So I’m wondering how much exercise is too much exercise. For whatever reason, I’ve gotten motivated to loose a lot of weight. I think I’ve noticed my girlfriend starting to look chunky, so it scared the shit out of me. I don’t want us to be those fat people riding around on scooters at Walt Disney World.
I’m 5 foot 9 inches tall and I weight 225 pounds. According to the Weight Watchers website, that puts me at about 75 pounds overweight. That’s scary. I’ve always considered myself a “husky fellow” – not 75 pounds overweight. So I’ve decided to do something about it. I’m always brainstorming new ideas, so my current crazy one is that I bought a stairmaster and fixed it up so that I have a little table on top where I can put my keyboard and mouse, and I can surf the net or blog while I’m exercising. In fact, I’m riding the thing right now as I write this.
I started getting very motivated about a week ago, and I’ve been riding the damned thing for about two hours a day at a low intensity level. So far I feel a little thinner although I haven’t weighed myself.
The question I’m wondering is when I’m going to burn out. I’ve heard it said that too much exercise can lead to injury or burnout. So I’m interested to see how long I can go on this kick.
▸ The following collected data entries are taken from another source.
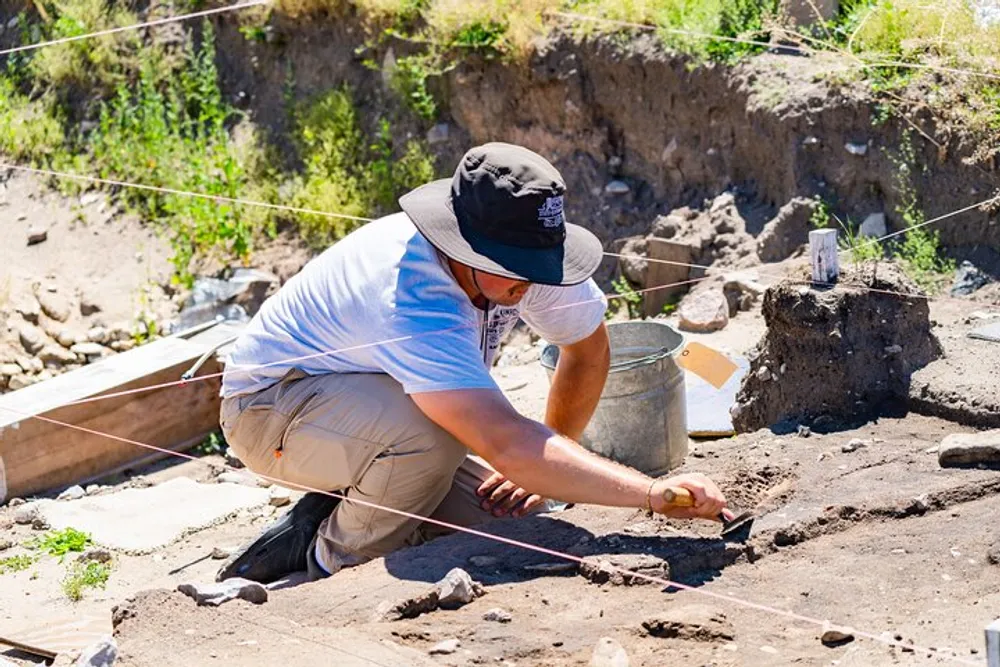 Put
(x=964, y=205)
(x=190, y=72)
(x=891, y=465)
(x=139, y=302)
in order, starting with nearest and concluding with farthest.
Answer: (x=891, y=465), (x=964, y=205), (x=139, y=302), (x=190, y=72)

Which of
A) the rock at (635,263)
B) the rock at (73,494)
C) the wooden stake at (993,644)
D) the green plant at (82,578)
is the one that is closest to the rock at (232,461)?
the rock at (73,494)

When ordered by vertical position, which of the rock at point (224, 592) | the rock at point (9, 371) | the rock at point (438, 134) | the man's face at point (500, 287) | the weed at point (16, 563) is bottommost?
the weed at point (16, 563)

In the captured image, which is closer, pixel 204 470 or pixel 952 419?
pixel 952 419

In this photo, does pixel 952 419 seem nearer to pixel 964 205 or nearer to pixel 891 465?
pixel 891 465

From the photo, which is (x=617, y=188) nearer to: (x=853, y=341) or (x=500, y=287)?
(x=853, y=341)

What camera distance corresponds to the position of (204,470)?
23.4ft

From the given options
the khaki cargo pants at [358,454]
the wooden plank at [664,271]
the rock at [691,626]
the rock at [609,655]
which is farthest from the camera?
the wooden plank at [664,271]

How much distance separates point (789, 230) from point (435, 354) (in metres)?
4.24

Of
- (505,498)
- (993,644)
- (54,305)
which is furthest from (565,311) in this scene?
(54,305)

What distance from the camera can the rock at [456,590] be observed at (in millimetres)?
3742

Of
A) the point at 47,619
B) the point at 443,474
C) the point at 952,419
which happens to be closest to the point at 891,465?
the point at 952,419

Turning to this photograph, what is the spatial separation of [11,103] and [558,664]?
9.38 m

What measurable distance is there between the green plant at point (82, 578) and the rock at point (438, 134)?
490 cm

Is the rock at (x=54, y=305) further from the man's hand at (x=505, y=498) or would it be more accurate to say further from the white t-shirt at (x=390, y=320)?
the man's hand at (x=505, y=498)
One of the risks of overtraining is a loss in muscle mass because one the muscle naturally deteriorates a little every time you exercise and if you don’t give it adequate time to recuperate there is a risk of injury.
So I guess I’ll gauge how my muscles are feeling. So far I’m totally gung-ho about my diet.
I figure if I burn 15 calories a minute for two hours a night, that’s 1800 calories a day!
Not to mention the fact that my heart rate will be up throughout the day, and it takes energy for my body to repair itself. I think mild exercise like this will beat the hell out of dieting. I can’t stand eating bland, flavorless foods!
So, 1800 calories X 30 days is 54,000 calories.
Since there are supposed to be 3500 calories in a pound of fat, that would be the equivalent of 15 pounds.
As soon as I see this number, I’m a little depressed. I bet I can stay motivated for 30 days, but to loose 75 pounds, I would have to do this exercise program for five months!
I suppose I could add calorie restriction into the mix, but I’m not ready to do that yet. I think it’s unhealthy physically and psychologically to deprive oneself. I think the real key is to have a Stairmaster in front of the computer like this and exercise at a moderate level for several hours a day.